*** INPUT MATERIAL ***

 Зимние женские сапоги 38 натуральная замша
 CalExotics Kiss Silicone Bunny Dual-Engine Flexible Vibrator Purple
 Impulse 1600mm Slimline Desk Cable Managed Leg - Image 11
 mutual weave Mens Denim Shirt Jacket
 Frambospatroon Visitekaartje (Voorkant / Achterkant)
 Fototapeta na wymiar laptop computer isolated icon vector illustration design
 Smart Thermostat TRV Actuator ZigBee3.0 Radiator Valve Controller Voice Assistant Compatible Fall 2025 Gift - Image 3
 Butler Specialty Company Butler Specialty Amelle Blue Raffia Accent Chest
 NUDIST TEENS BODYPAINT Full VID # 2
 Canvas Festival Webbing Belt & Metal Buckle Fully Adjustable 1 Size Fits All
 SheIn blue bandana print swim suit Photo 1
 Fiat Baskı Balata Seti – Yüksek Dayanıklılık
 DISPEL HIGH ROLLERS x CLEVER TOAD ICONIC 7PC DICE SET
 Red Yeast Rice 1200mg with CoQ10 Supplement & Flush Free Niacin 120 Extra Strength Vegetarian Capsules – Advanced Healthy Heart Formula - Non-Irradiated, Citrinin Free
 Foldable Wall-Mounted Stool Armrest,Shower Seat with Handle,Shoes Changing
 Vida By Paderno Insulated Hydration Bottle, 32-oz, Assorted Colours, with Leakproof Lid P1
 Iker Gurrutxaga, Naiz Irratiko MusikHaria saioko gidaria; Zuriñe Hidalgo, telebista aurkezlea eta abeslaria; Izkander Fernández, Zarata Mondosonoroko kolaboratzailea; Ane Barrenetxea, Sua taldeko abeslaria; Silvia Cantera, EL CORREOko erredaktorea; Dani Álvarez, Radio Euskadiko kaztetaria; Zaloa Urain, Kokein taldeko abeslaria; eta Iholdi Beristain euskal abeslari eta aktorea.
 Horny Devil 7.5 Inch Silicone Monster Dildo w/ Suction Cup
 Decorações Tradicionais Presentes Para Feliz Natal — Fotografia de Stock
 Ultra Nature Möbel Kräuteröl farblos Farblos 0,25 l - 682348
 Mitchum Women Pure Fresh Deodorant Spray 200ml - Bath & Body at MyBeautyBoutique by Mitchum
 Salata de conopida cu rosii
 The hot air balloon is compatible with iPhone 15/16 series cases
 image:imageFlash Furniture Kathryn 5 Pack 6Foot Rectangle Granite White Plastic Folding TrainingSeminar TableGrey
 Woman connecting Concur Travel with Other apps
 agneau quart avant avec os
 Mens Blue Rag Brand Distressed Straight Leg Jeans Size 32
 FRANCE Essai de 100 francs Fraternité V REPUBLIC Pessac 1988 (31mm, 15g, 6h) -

***

→ GOAL OF THE EXERCISE
Output, from the data above, the lines from the line with "DISPEL HIGH ROLLERS" to the line with "Red Yeast Rice" exactly as they stand, both ends included and nothing else.

→ EXERCISE ANSWER
 DISPEL HIGH ROLLERS x CLEVER TOAD ICONIC 7PC DICE SET
 Red Yeast Rice 1200mg with CoQ10 Supplement & Flush Free Niacin 120 Extra Strength Vegetarian Capsules – Advanced Healthy Heart Formula - Non-Irradiated, Citrinin Free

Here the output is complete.